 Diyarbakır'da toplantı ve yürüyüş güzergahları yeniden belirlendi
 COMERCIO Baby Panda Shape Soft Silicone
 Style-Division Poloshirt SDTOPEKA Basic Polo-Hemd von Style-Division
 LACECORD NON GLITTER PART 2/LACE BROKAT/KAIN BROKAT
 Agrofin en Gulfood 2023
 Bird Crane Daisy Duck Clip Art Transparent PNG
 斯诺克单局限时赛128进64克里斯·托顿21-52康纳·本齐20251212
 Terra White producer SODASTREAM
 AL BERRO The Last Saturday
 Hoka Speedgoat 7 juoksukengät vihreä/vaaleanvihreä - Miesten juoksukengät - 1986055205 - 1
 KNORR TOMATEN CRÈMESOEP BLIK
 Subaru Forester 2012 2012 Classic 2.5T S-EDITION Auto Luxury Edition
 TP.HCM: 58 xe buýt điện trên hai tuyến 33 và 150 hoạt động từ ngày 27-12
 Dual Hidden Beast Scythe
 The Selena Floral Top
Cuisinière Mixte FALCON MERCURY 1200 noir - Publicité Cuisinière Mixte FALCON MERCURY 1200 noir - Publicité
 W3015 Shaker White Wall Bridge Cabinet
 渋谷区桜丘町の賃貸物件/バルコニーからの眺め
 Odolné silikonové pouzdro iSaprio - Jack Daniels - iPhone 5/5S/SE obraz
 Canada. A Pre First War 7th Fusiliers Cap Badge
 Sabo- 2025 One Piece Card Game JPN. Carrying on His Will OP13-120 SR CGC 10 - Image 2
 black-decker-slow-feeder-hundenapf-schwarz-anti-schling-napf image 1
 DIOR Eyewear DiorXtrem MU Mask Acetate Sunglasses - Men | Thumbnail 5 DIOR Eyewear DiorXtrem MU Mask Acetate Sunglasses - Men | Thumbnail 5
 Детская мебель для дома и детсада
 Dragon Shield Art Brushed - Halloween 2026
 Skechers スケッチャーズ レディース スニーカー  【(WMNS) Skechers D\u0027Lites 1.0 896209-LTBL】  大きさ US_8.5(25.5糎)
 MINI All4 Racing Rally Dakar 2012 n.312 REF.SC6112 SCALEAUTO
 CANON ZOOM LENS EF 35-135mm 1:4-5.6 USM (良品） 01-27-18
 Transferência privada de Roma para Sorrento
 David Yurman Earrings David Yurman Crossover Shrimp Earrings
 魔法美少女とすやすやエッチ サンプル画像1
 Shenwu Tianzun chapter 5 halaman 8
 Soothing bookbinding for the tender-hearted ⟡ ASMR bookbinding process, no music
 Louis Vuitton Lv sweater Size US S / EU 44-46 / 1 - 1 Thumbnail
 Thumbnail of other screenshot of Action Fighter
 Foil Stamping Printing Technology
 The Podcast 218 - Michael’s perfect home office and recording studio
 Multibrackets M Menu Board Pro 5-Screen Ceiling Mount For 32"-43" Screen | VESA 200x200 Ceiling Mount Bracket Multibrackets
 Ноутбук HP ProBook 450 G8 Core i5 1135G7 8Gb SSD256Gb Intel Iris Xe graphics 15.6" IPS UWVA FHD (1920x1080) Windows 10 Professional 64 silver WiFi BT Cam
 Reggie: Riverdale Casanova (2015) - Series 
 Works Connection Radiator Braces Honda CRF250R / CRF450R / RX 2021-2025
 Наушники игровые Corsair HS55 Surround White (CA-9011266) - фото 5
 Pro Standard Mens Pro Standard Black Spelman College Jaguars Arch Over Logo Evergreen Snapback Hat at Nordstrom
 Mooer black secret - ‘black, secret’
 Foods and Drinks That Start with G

BRIEF
Would you please reproduce the records above exactly, only from their first line through the line holding "Skechers スケッチャーズ レディース", with both ends included?

TASK SOLUTION
 Diyarbakır'da toplantı ve yürüyüş güzergahları yeniden belirlendi
 COMERCIO Baby Panda Shape Soft Silicone
 Style-Division Poloshirt SDTOPEKA Basic Polo-Hemd von Style-Division
 LACECORD NON GLITTER PART 2/LACE BROKAT/KAIN BROKAT
 Agrofin en Gulfood 2023
 Bird Crane Daisy Duck Clip Art Transparent PNG
 斯诺克单局限时赛128进64克里斯·托顿21-52康纳·本齐20251212
 Terra White producer SODASTREAM
 AL BERRO The Last Saturday
 Hoka Speedgoat 7 juoksukengät vihreä/vaaleanvihreä - Miesten juoksukengät - 1986055205 - 1
 KNORR TOMATEN CRÈMESOEP BLIK
 Subaru Forester 2012 2012 Classic 2.5T S-EDITION Auto Luxury Edition
 TP.HCM: 58 xe buýt điện trên hai tuyến 33 và 150 hoạt động từ ngày 27-12
 Dual Hidden Beast Scythe
 The Selena Floral Top
Cuisinière Mixte FALCON MERCURY 1200 noir - Publicité Cuisinière Mixte FALCON MERCURY 1200 noir - Publicité
 W3015 Shaker White Wall Bridge Cabinet
 渋谷区桜丘町の賃貸物件/バルコニーからの眺め
 Odolné silikonové pouzdro iSaprio - Jack Daniels - iPhone 5/5S/SE obraz
 Canada. A Pre First War 7th Fusiliers Cap Badge
 Sabo- 2025 One Piece Card Game JPN. Carrying on His Will OP13-120 SR CGC 10 - Image 2
 black-decker-slow-feeder-hundenapf-schwarz-anti-schling-napf image 1
 DIOR Eyewear DiorXtrem MU Mask Acetate Sunglasses - Men | Thumbnail 5 DIOR Eyewear DiorXtrem MU Mask Acetate Sunglasses - Men | Thumbnail 5
 Детская мебель для дома и детсада
 Dragon Shield Art Brushed - Halloween 2026
 Skechers スケッチャーズ レディース スニーカー  【(WMNS) Skechers D\u0027Lites 1.0 896209-LTBL】  大きさ US_8.5(25.5糎)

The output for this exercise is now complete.